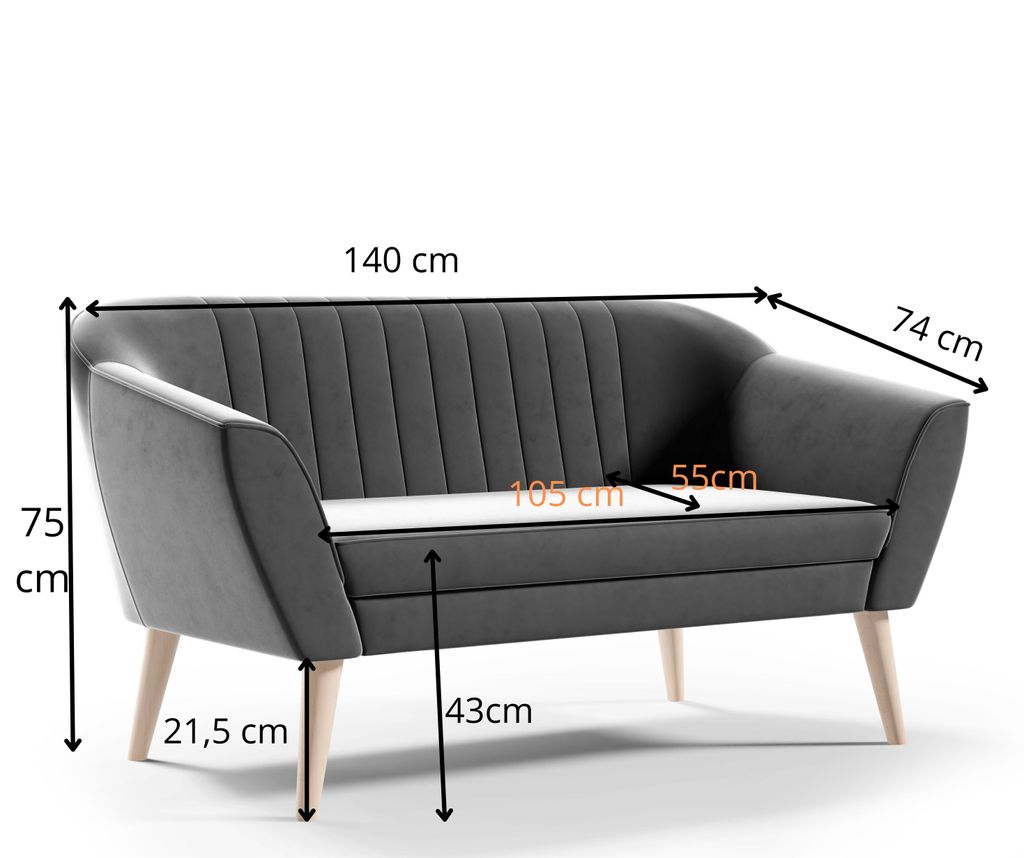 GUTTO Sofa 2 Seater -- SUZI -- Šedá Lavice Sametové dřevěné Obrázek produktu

◆ ◆ ◆ ◆ ◆

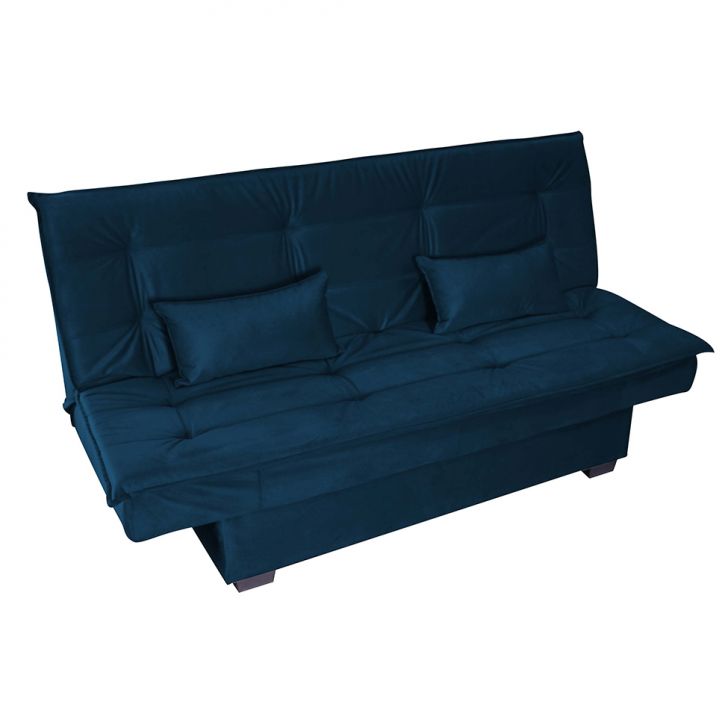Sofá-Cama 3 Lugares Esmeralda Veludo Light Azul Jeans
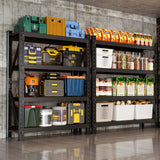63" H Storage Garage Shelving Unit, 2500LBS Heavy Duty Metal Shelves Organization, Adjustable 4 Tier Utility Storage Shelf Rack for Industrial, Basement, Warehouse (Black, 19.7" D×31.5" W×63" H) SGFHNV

◆ ◆ ◆ ◆ ◆

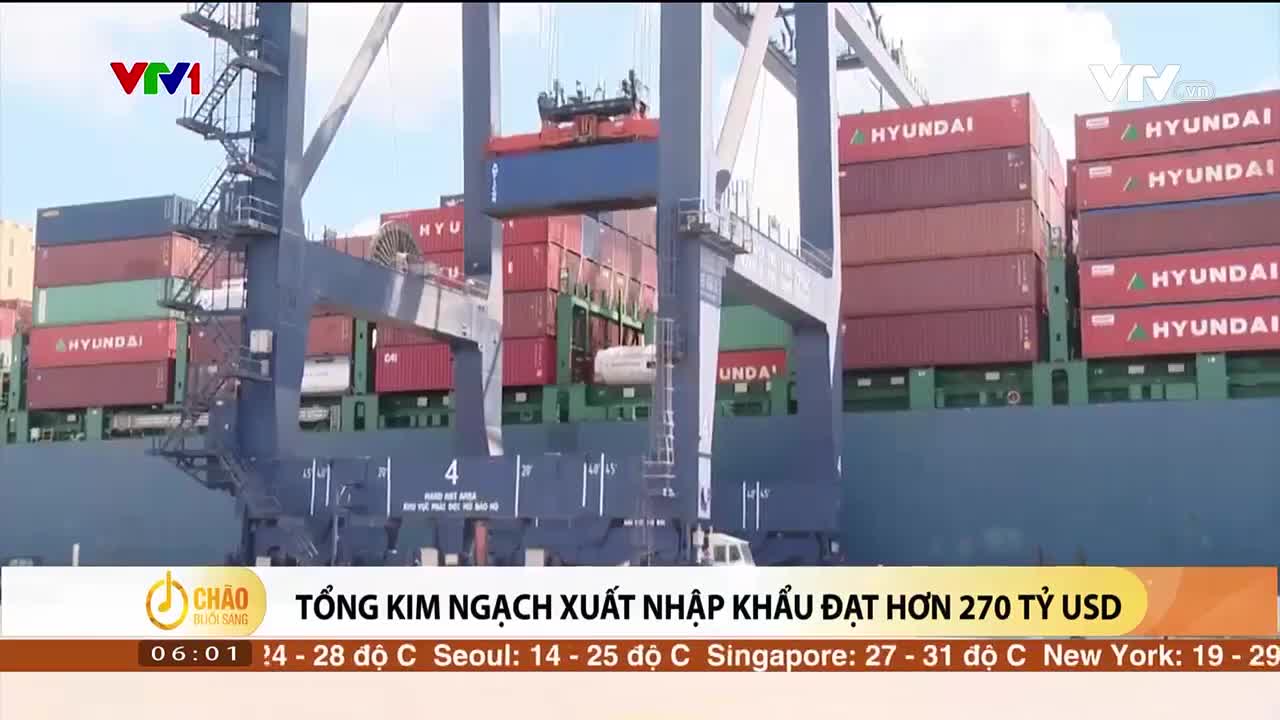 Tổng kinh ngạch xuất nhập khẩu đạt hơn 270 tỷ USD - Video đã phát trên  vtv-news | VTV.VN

◆ ◆ ◆ ◆ ◆

> [What the exercise asks] Repeat exactly the lines above, beginning at the one containing "Sofá-Cama 3 Lugares" and ending at the one containing "H Storage Garage". Do not carry over any pictures.

> [Solution for this task]
Sofá-Cama 3 Lugares Esmeralda Veludo Light Azul Jeans
63" H Storage Garage Shelving Unit, 2500LBS Heavy Duty Metal Shelves Organization, Adjustable 4 Tier Utility Storage Shelf Rack for Industrial, Basement, Warehouse (Black, 19.7" D×31.5" W×63" H) SGFHNV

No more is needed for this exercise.